:: RECORDED DATA ::

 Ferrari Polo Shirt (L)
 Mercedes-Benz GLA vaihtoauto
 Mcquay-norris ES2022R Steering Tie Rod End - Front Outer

:::

YOUR OBJECTIVE
Reply with the complete data above, every character as it stands.

OUTPUT FOR THIS TASK
 Ferrari Polo Shirt (L)
 Mercedes-Benz GLA vaihtoauto
 Mcquay-norris ES2022R Steering Tie Rod End - Front Outer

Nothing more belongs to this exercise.